• [Prompt]: Up to and including the line that contains "If you see 'The", write out every line of the entries exactly, beginning with the first. Omit the pictures.

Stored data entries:
++++++++

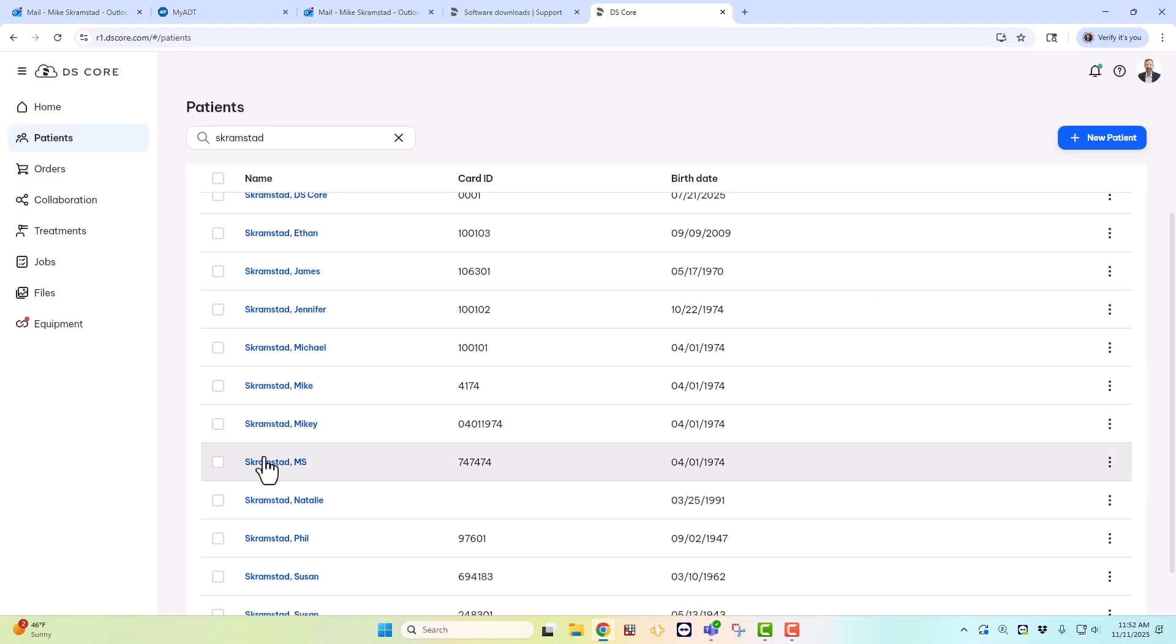And now you see I have the patient added into DS-Core at this point. So it's really doing the same thing that you've always done, you're just doing it in a different place. Instead of doing it in the CEREC or Connect software, you're now going to do it within DS-Core.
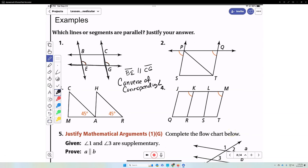Number two, we have two lines and a transversal. These are corresponding angles, so we can conclude that line PS is parallel to line QT, because of the converse of the corresponding angle theorem — just like example number one.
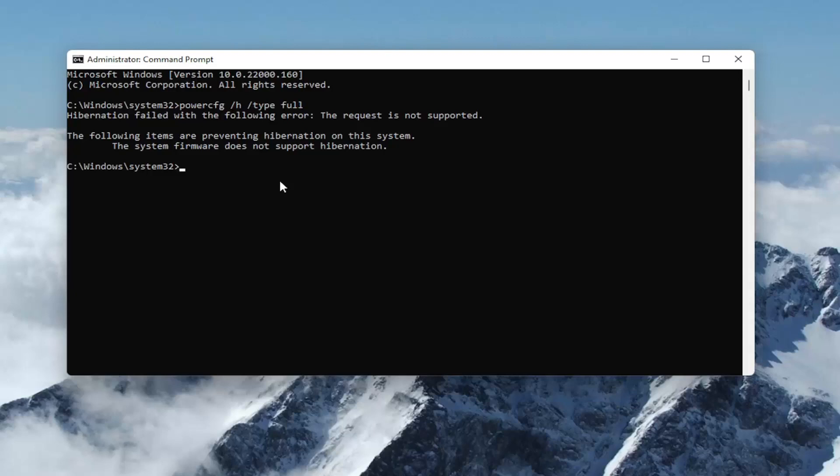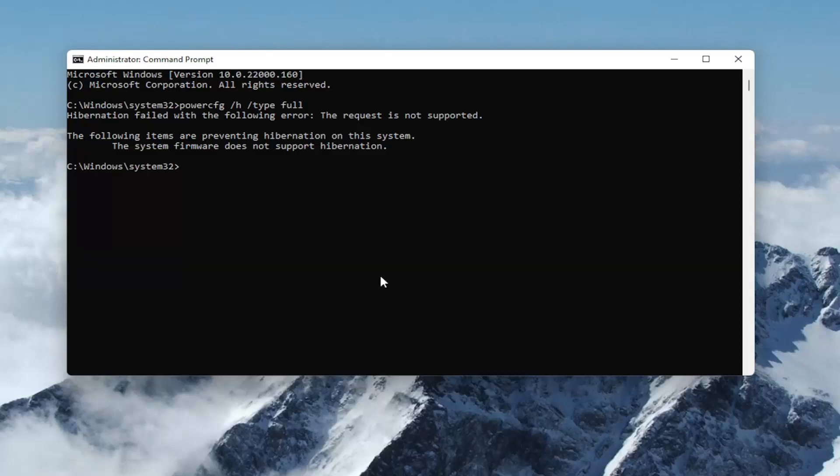If you see 'The request is not supported', it means your hardware doesn't support hibernation. But if it does work in your case, just restart your computer and then you can enable the hibernation settings as I showed earlier in this video.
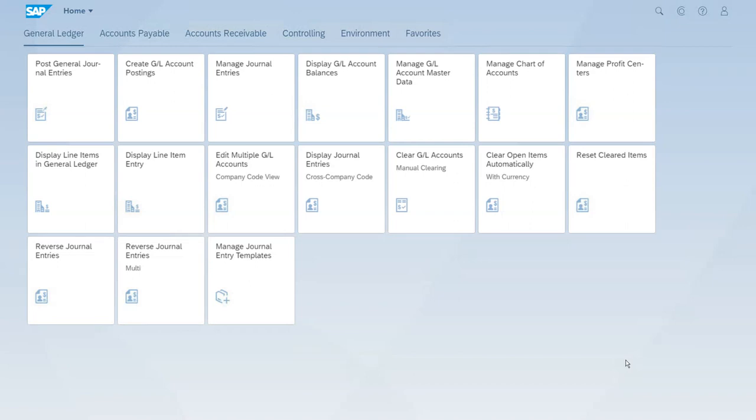In the previous sections we completed all the customizing settings that we require for a new company code. That was the first step to create the company code, then we went to some of the most important settings in customizing for that particular new company code. We have also checked a lot of things that have to do with the customizing of master records and the creation of these master records, and now we want to test this all.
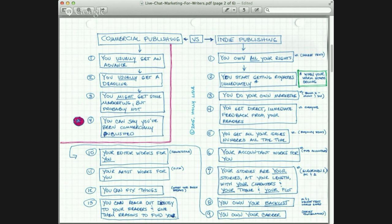Living on your writing is its own sort of deadline — if you're not producing, you don't eat.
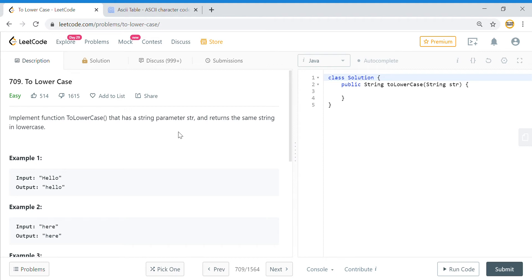Here we need to solve the problem where we're given a string and we need to convert it into lowercase and return the same string in lowercase. Basically, they want us not to use any library function and we have to convert it into lowercase.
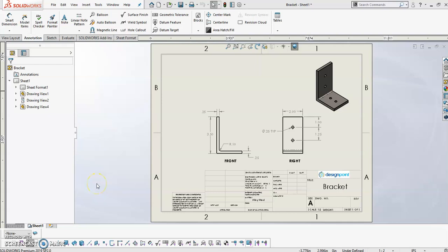Hello, this is Abby with Design Point. I'm an application engineer here. This video is meant for users that are used to modeling within the 2D environment and are now looking to experiment modeling in the 3D environment.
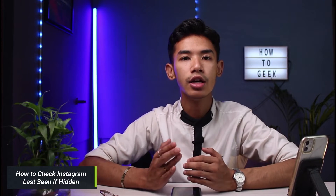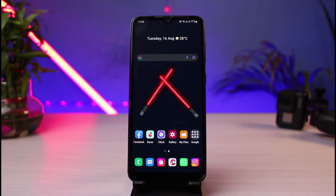Hello everybody, welcome back to our channel. I am Bimu from Harder Geek, and in today's guide video I will show you how you can check Instagram's last seen of your friend's status if they've hidden it. But before we get started, if you are new to our channel, make sure to leave a like and hit that subscribe button.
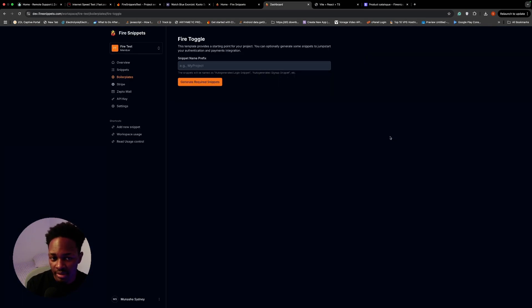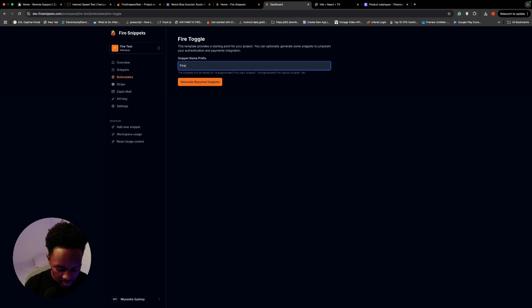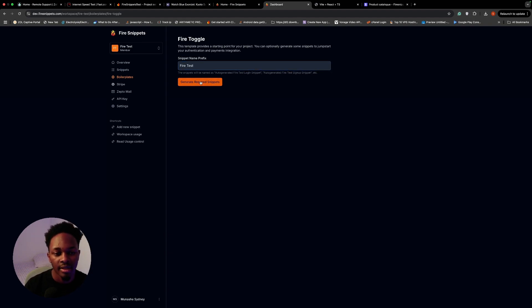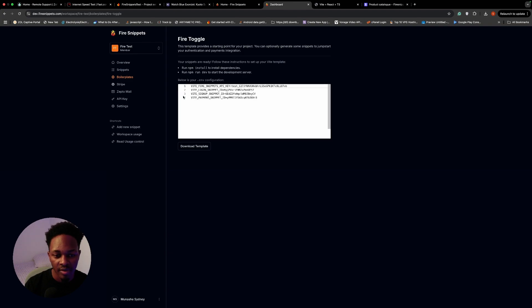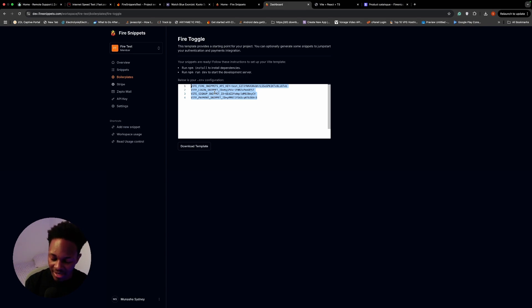I'm going to choose this template and click 'Use Template,' then give it a name — I'll call it 'fire-test' — and then generate the snippets. It gives you the env file you need to use in your project. I'll click 'Download Template.'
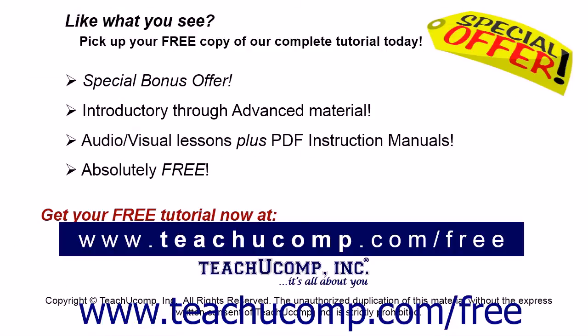Like what you see? Pick up your free copy of the complete tutorial at www.teachyoucomp.com forward slash free.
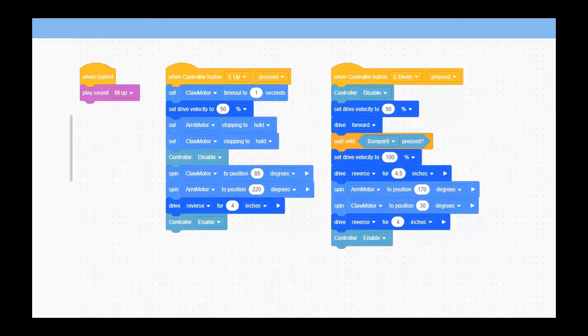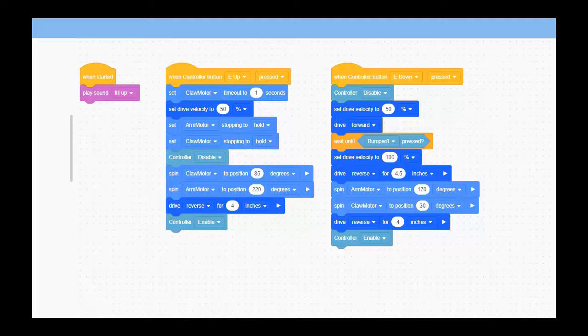When the E-up button is pressed, that's where we're going to grab the cube. You'll notice here we have some setup in the beginning, and then we basically close the claw motor, lift the arm motor up to the exact height we want, and back the robot up four inches. This just gets the robot either out of a corner or away from where it would be—obviously depending on the game and where the robot is, you can modify that.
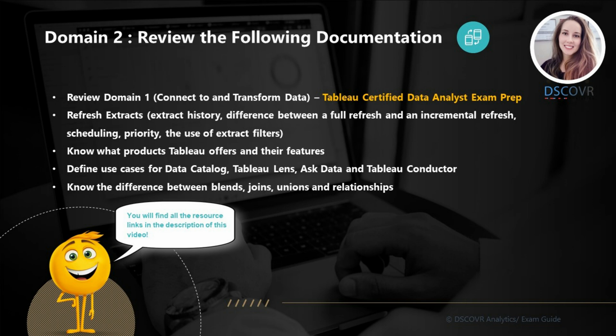Not just for this exam, but when you're actually working with data, you will have to explain why you chose a join or a relationship, or how blends work and how that affects performance. Make sure you have this fundamental knowledge because it will be relevant in all your projects going forward. I've included all the links to the mentioned resources in the description section of this video, so good luck preparing for Domain 2 and stay tuned for Domain 3 review.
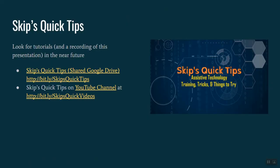I hope you find the information presented in this webinar useful. Again, if you'd like to access the slide deck and additional resource materials, please visit bit.ly forward slash skips quick tips to access the shared Google Drive. I also have some quick recordings available at my YouTube channel, bit.ly forward slash skips quick videos. Have a great day.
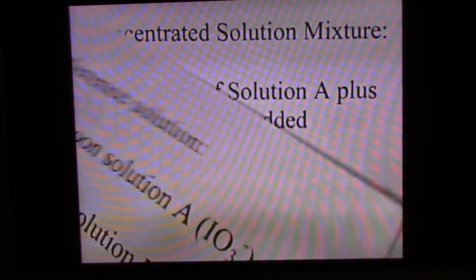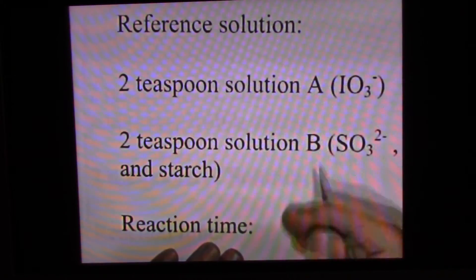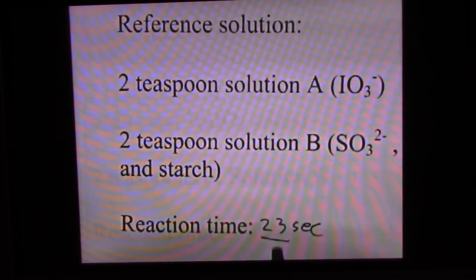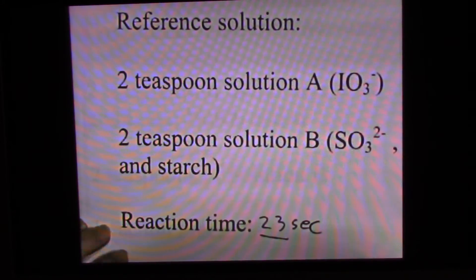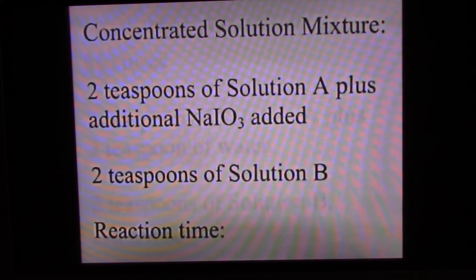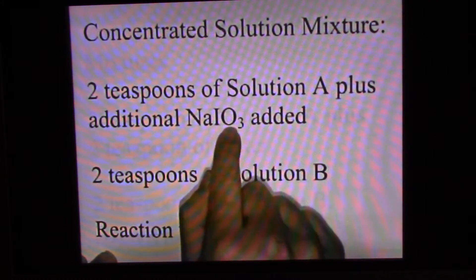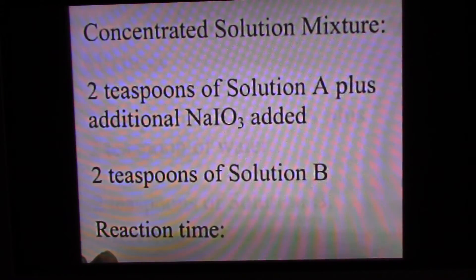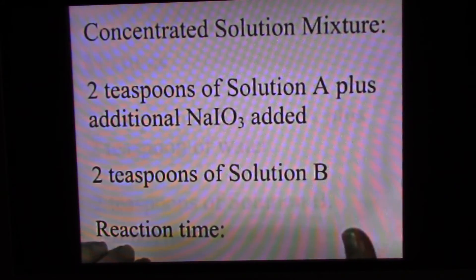Now we'll do things to change the rate of the reaction — we're going to slow it down and then speed it up. The next reaction uses a concentrated solution mixture with additional sodium iodate added to it, so it has a richer concentration of iodate. A more concentrated solution mixture means there's more reactant per volume; solution A has more iodate in it than normal.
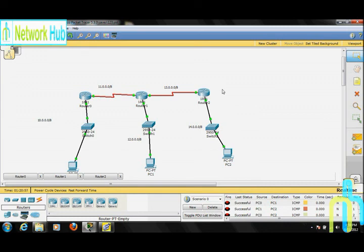Now we have learned static routing. In the next video we will learn about dynamic routing — for that keep tuned in with NetworkHub. Thank you.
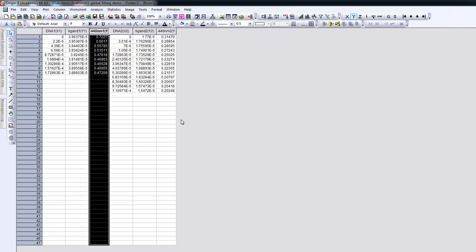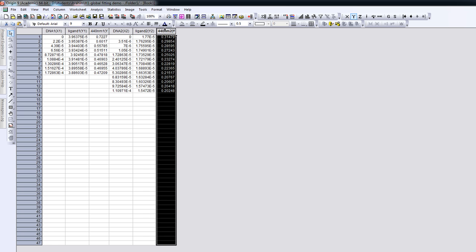Hello. We are going to carry out a global data fit of basic data for two titrations. The data has already been entered in Origin. What we see here is a series of DNA concentrations, a series of ligand concentrations, and a series of absorbances at 440 nanometers for the first titration and for the second titration. These concentrations have been calculated previously using Excel.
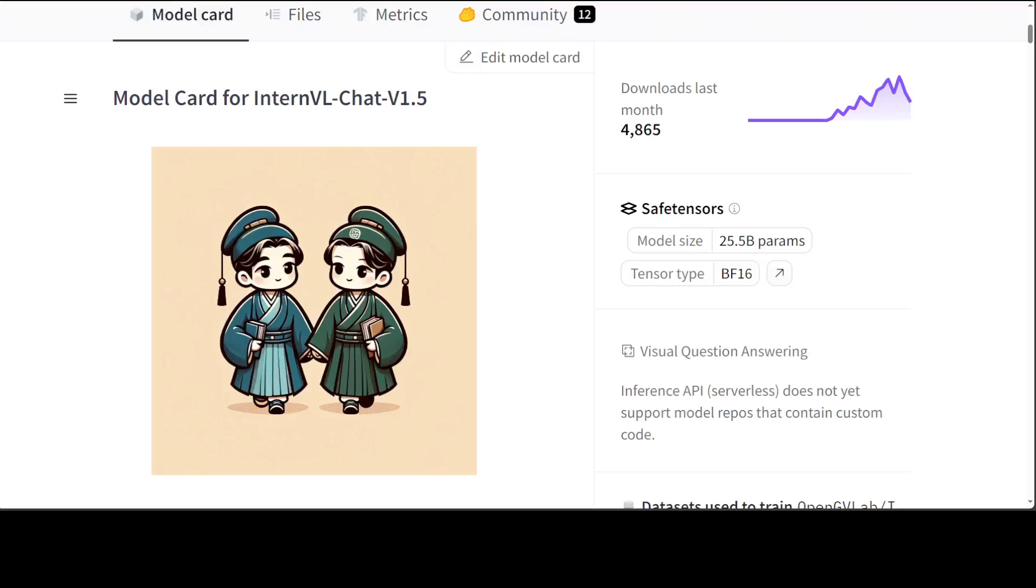In this video I am presenting you a model which has beaten both Grok and GPT-4 Vision when it comes to chatting with your own images or handling your vision tasks. This model is called InternVL-Chat version 1.5.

++++++++

• [Solution for this problem]:
And now you see I have the patient added into DS-Core at this point. So it's really doing the same thing that you've always done, you're just doing it in a different place. Instead of doing it in the CEREC or Connect software, you're now going to do it within DS-Core.
Number two, we have two lines and a transversal. These are corresponding angles, so we can conclude that line PS is parallel to line QT, because of the converse of the corresponding angle theorem — just like example number one.
If you see 'The request is not supported', it means your hardware doesn't support hibernation. But if it does work in your case, just restart your computer and then you can enable the hibernation settings as I showed earlier in this video.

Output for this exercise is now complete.